Dizem que Érico Veríssimo, quando indagado sobre a cidade em que vivia, respondia com orgulho: sou de uma cidade que tem uma orquestra sinfônica.  Já eu, Clarice Müller, nascida e criada nessa mesma cidade, respondo, com vergonha: sou de uma cidade que acolhe com festa um shopping, mas rejeita que sua sinfônica ali se instale; sou de uma cidade que por décadas aguarda a finalização de um teatro dedicado à sua maior cantora; sou de uma cidade que acabou, sem pestanejar, com o carnaval de rua, e jogou o que resta para os confins mais inabitados; sou de uma cidade que canta as façanhas do passado, mas desdenha a arte do presente; sou de uma cidade que impõe toque de recolher a seus habitantes.
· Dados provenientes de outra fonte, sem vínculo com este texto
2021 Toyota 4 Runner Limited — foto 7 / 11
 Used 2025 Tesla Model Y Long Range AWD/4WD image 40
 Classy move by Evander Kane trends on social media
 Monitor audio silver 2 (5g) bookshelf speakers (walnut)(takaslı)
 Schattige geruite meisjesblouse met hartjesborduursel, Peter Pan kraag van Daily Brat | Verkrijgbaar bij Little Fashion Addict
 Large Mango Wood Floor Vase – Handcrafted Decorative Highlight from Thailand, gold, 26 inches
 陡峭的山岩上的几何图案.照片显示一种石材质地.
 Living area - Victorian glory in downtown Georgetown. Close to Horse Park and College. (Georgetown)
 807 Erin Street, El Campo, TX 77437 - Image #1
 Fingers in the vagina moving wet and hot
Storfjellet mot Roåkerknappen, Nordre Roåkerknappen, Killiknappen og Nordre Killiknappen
Sim, agora diversão e arte cumprem expediente de escritório. Agora a ordem é cineminha e cama, comida em casa, que na saída tá tudo fechado. Como a cabeça de quem nos governa.  Fechar bares, isolar torcidas, logo, logo, cercar parques, isso lá é jeito de se administrar uma cidade???  Porém, como sociedade se faz fazendo, se os comerciantes, empregados, clientes, artistas, tutti la gente se juntarem, dá pra dar um basta nessa idiotice. Impor respeito, sabe como é? Não aceitar a muquiranagem como destino histórico, o sono como ideal de vida, o tédio como meio, a mediocridade como fim. Cidade-dormitório? Vão se catar! É preciso pensar e agir grande, transformar Porto Alegre num pólo irradiador de cultura, com o diferencial que um Village, uma Lapa trazem em prol da felicidade geral da nação, na falta de neve e chocolate amargo, claro.  Não dá é pra dormir no ponto. Achar que, com o tempo, tudo se ajeita, se resolve. Ahã. Foi com toque de recolher que acabaram com o Bomfim, que só agora, mais de duas décadas passadas, lentamente ressurge. Quer ver esse filme de novo? É só cruzar os braços. Falando claro: estou incomodada, mas não vou me mudar, eu proponho é mudar. Junto contigo. Topa? Então compartilhemos, pois.
PS: NAO SOU CANDIDATA A NADA.

segunda-feira, 13 de agosto de 2012

PÉ ANTE PÉ


Pé ante pé
Dia a dia
A cerca é a mesma mesmo sendo outra
A vida é a mesma mesmo sendo outra
O que se repete é o fugaz da memória
Das lajes rosadas
Dos muros de hera
Do riscado do jogo:
Amarelinha, sapata, gude
De quem nunca alcança o céu.
Agora os passos são outros
E mesmo assim são os mesmos
Sem poesia
O pichador despenca a letra
Quebra a costela – não a pose
É gangue! é gangue! é gangue!
Do térreo-fundos em que me encolho
Gritos sirenes buzinas estampidos
Varam a madrugada que já conheceu
Meus passos, meus sonhos, meu baco
E agora faz roer a bruxa que há em mim
O toque de recolher matou a folia
Adeus, sinfonia
Porto Alegre Porto Seco de alegria
A cidade quer dormir
A cidade quer morrer
Pé ante pé
Noite após noite
A cerca eletrifica o gato
Mas não alcança o rato
Na medida do possível
Meu desamor é todo teu.
Porto Alegre é (fill the blank) demais.